Sports

Tampa Sickles ends Lakewood Ranch’s state title bid

The students creating a “white out” at The Lakeland Center were no longer raucous.

They were diminished to a murmur.

Lakewood Ranch High School’s dream season in boys basketball suddenly came to a screeching halt.

Tampa Sickles defeated the Mustangs, 54-49, in Friday’s Class 8A state semifinal.

“I tried to come up with some really good things to say,” Lakewood Ranch head coach Jeremy Schiller said about the postgame locker room speech. “And then I just skipped it. We told each other we love each other. We had a big hug in the middle of the floor.”

The Gryphons (28-4) slowed the pace with half-court sets that routinely produced attempts from the paint. Usually, it was Bryce Workman (20 points) or Bryce Beamer (14) that benefited.

And on defense, Sickles, which held six of its previous seven opponents to 39 points or less, utilized its 2-3 zone to force the Mustangs (27-3) to hit from the perimeter. Averaging 73 points a game this season, Lakewood Ranch, which hadn’t lost to an in-state opponent prior to Friday, shot a woeful 2-for-22 from 3-point range.

“Their length, in general, really affected us,” Schiller said. “Also because we weren’t really cleaning up the defensive glass, we weren’t able to get out in transition.”

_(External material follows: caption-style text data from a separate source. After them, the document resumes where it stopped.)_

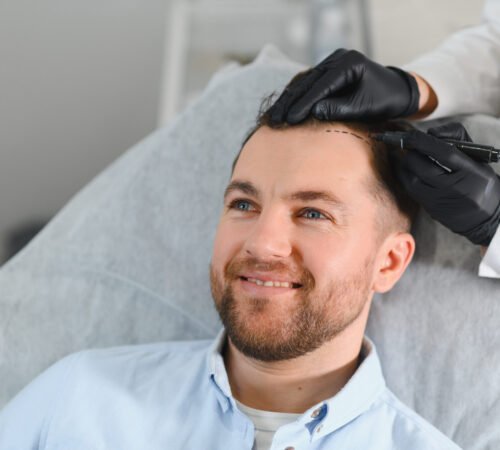 Side view of handsome man getting hair treatment at beauty salon. Man having mesotherapy session at aesthetic clinic, therapist hands in gloves making injection in scalp, closeup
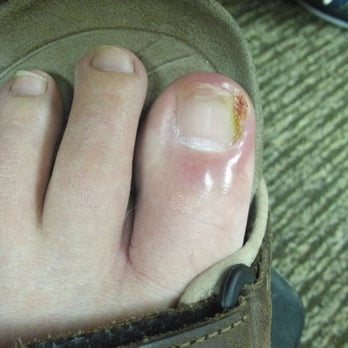 Joseph Cortez, DPM - He shouldn't even be called a Dr.... - Podiatrists Near Me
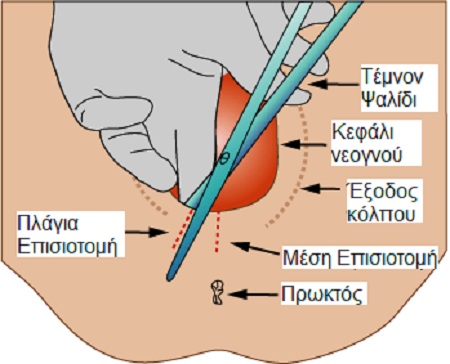 Εικόνα 3: Η Επισιοτομή.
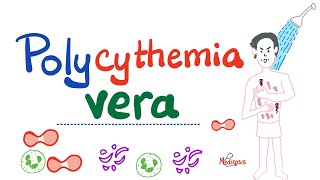 Polycythemia Vera PV  Myeloproliferative Neoplasm MPN  Erythrocytosis  Hematology [upl. by Iem]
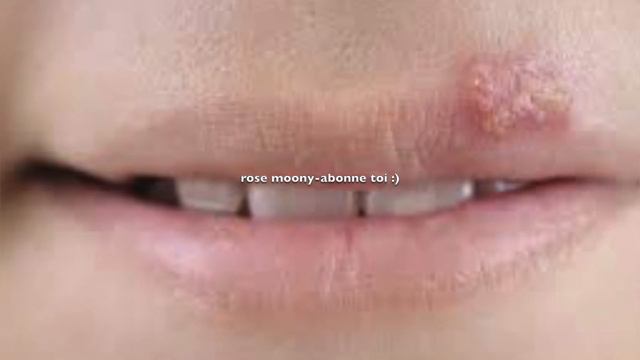 5 BONNES RAISONS DE FAIRE MACÉRER 5 GOUSSES D'AILS ET DE LES UTILISER DANS LE CORPS ! смотреть онлайн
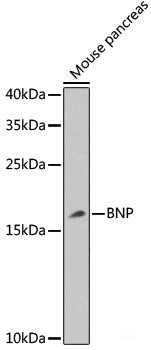 Immunohistochemistry of paraffin-embedded Human thyroid cancer using SNCG Polyclonal Antibody at dilution of  1:200 (40x lens).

Still, the Mustangs weren’t blown out.

Not when the program’s all-time leading scorer Sam Hester was sidelined with an injured left ankle throughout most of game.

Not when Sickles outrebounded Lakewood Ranch, 38-25, with the Gryphons preventing many second-chance opportunities.

And not when starting point guard Devin Twenty was saddled with his fourth foul midway through the fourth quarter.

“They’re super talented,” Sickles head coach Renaldo Garcia said. “Those guards can handle the ball, they can shoot it.”

Lakewood Ranch battled behind Damien Gordon and Kodey Elliott’s offense, and through a group defensive effort to produce 21 turnovers.

Gordon dropped 20 points to share game-high honors with Workman. He was the only Mustang to nail any shots from behind the 3-point arc and was the key option in the closing seconds.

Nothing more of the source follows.